For these travelers, the description of foreign lands served the purpose, aimed at their Latin American audiences, of American and national self-definition. As Americans abroad, they positioned themselves as representatives of their nations and their continent to make them known not only to the foreigners they considered ignorant of the American realities, but also to themselves. For both, self-knowledge entailed an outsider's perspective, and their books of travels, where they themselves are the outsiders, offer us a glimpse into their thought processes as they forged their own identities and contributed to the growing corpus of literature by men and women that wrote Argentina's coming of age as a nation.

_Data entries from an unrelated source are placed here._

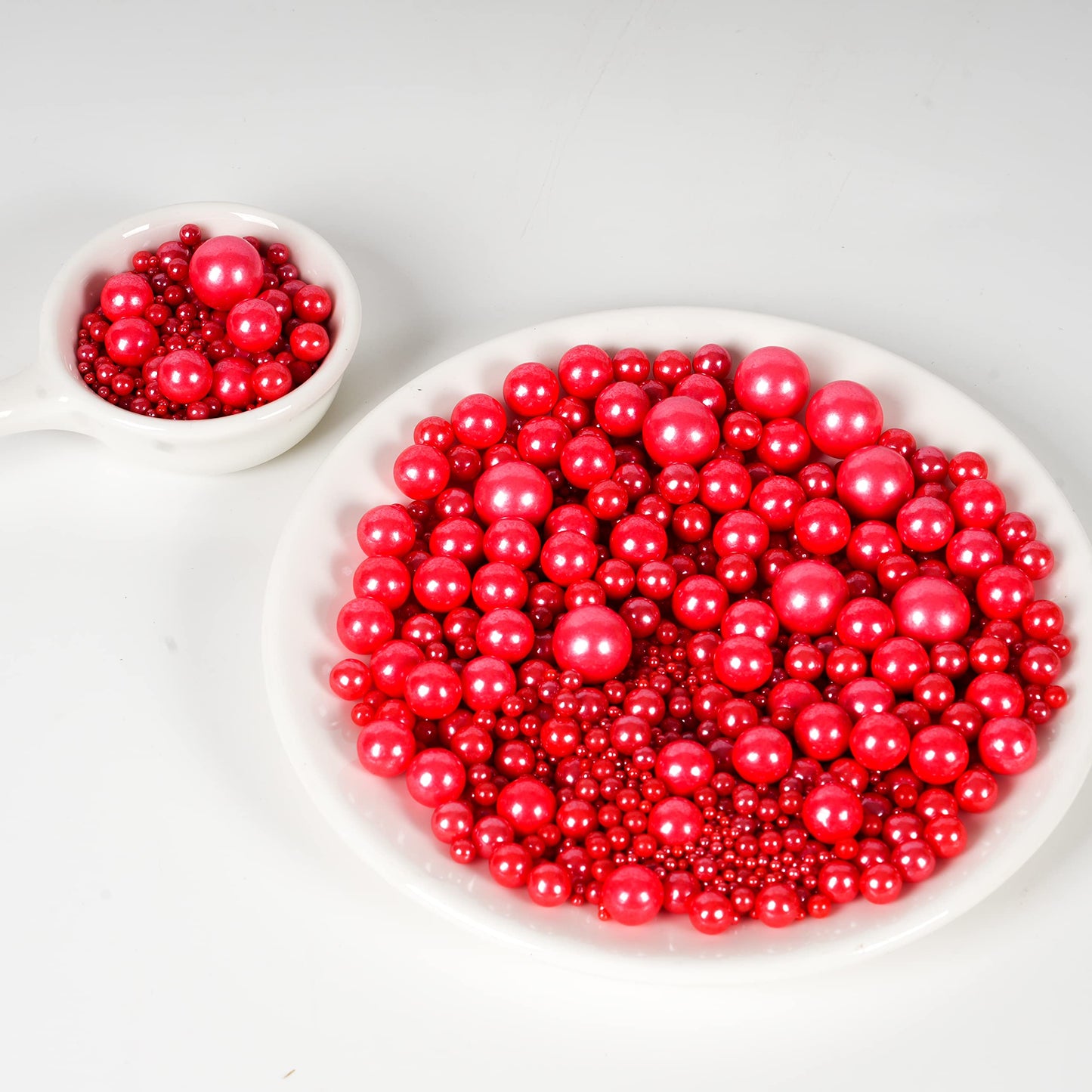 Kasvan Red Pearl Sugar Sprinkles - Edible Candy Pearls 130G/4.58 Oz, Mix Size, Baking Cake Decorations, Ice Cream Toppings And C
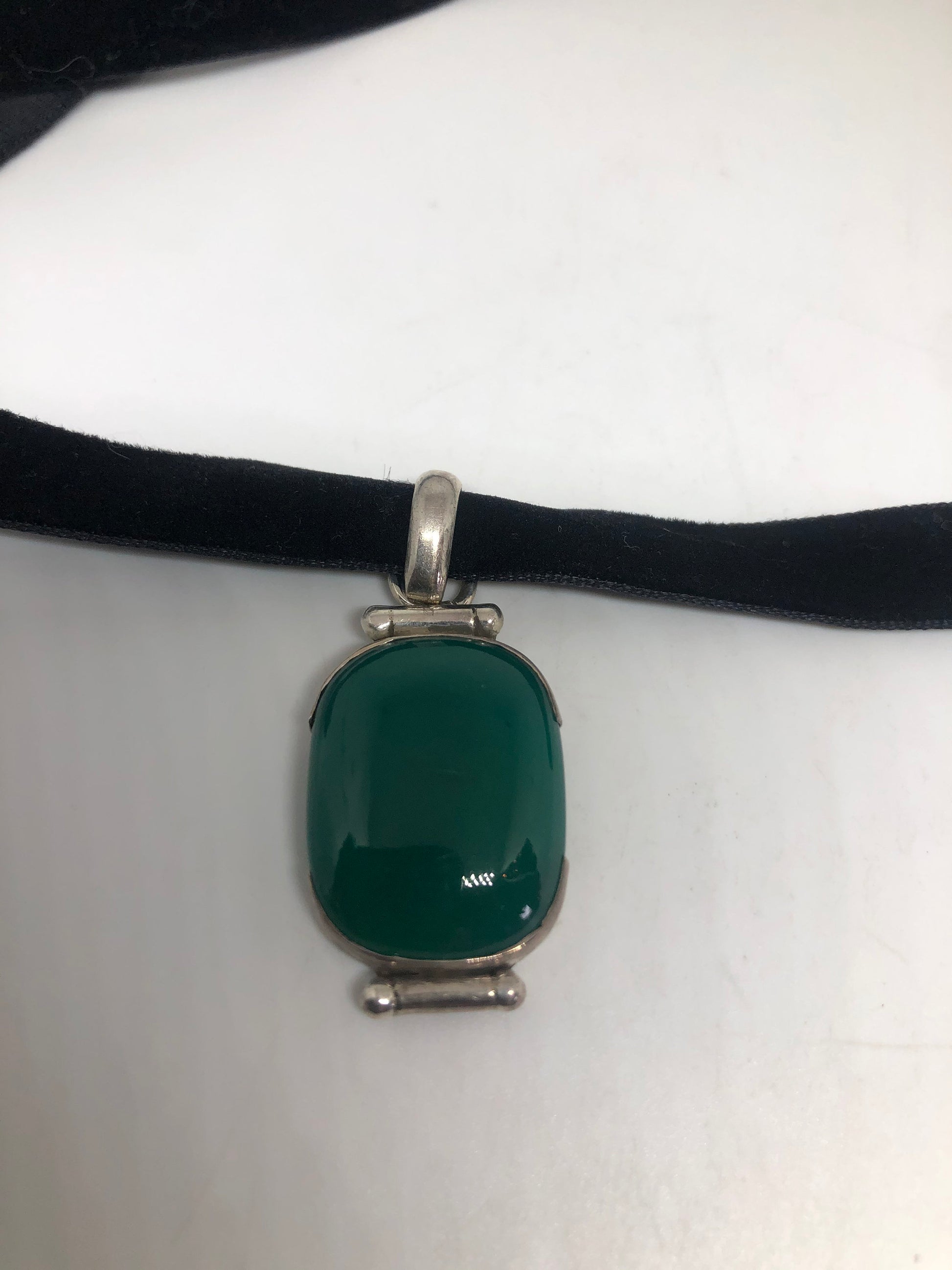 Vintage Green Onyx Choker 925 Sterling Silver Necklace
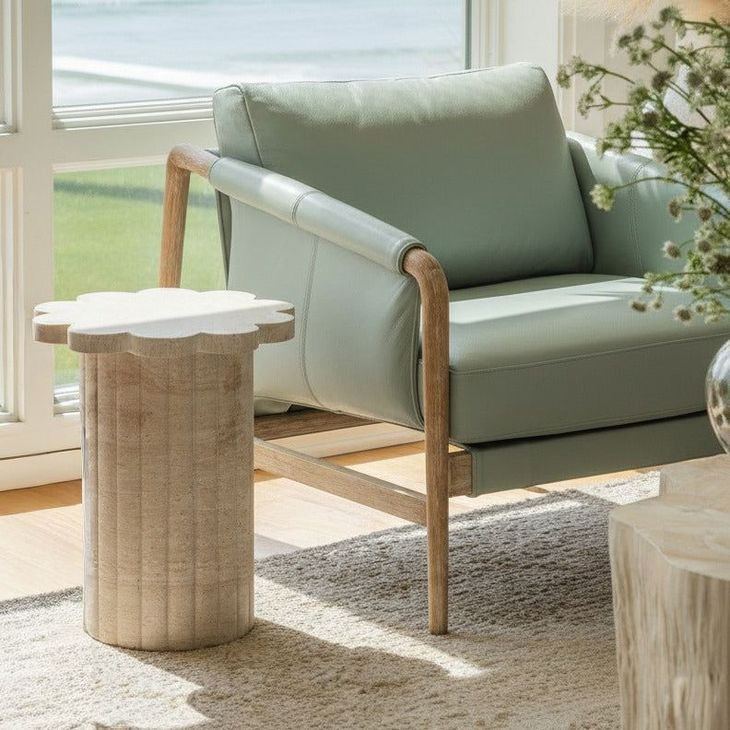 Blossom Travertine Round Outdoor Concrete Top Side Table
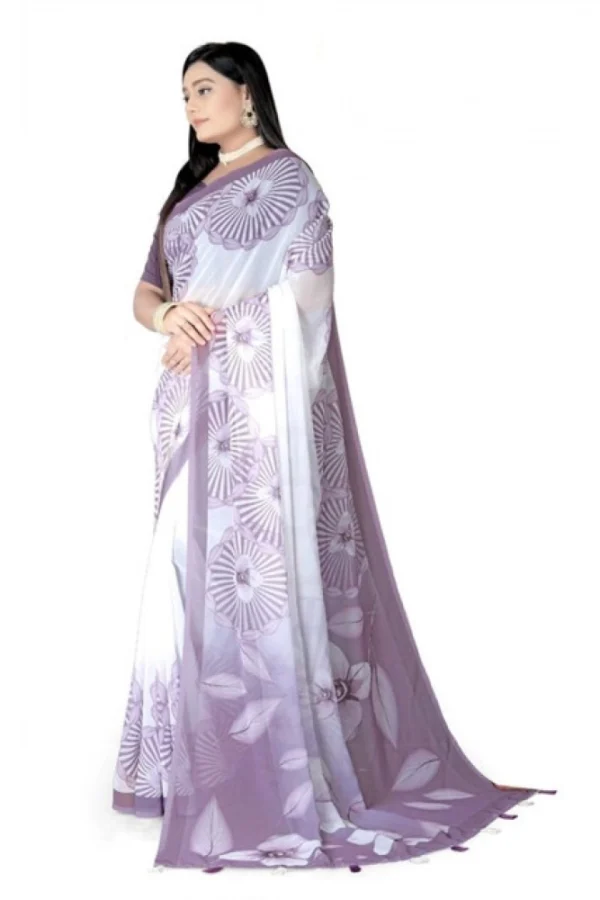 Women's Georgette Floral Printed Saree With Unstitched Blouse 5.5Mtr (Lavender)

As citizens of a postcolonial nation, in a world where colonialism was not dead and new patterns of supremacy were rapidly emerging, Sarmiento and Mansilla wrote from an ambivalent perspective that led them to assert their own intellectual and cultural independence, and to define americanism without letting go of their ambivalent attachment to northern European culture. This conflict is present in all postcolonial societies, and affects the white European settlers' problem "of establishing their "indigeneity" and distinguishing it from their continuing sense of their European inheritance." (17) Their worldview was dominated by patterns of subordination. For Americans looking from the South, the "center of the world was not as important as the overwhelming presence of the periphery or even the existence of multiple, shifting centers. These writers also expressed ambivalence in their attempts to establish the originality and superiority of America while being confronted with European civilizations. Travel put them in contact with other nations, and from this emerged a remapping of their worlds according to relationships of hegemony and a competitiveness between the travelers and the host countries. Travel also forced them to find compromises between civility in criticism and upholding the self-respect and dignity of their own cultures. In the end, both felt overwhelmed by an Anglo-Saxon culture powerful enough to transform everything, though for Sarmiento the transformation was inspiring and desirable, and for Mansilla merely a curiosity to which she still preferred France. Sarmiento, who had repudiated his European origins, went to the United States in search of a future, to choose his models rather than be bound to his ancestors. For him, at this stage, finding a new model appears to be more important than absolute independence. Mansilla clutched her adopted Frenchness as she went to the United States to find entertainment, education, and experiences to share with her readers.
Though both these travel books dwell extensively on the departure from the homeland and the initial voyage across the ocean, the ending differs significantly. Mansilla left the United States in the midst of a crisis because Argentina's political upheavals demanded her husband's return to the Old World, and interrupted her own work at a point which made it impossible for her to give her book a rounded finish. For Sarmiento, the end of the trip marked not the consciousness of the end of an era but a tangibly separate reality. The departure brought him a painful awareness that the successful America he had contemplated ended with the United States' territory. The last paragraph of Viajes describes Sarmiento's departure from New Orleans in a dirty, uncomfortable ship bound for Havana, significantly still a colonized part of the New World: "El mundo norteamericano concluía, y principiábamos a sentir con anticipación las colonias españolas a donde nos dirigíamos" (499).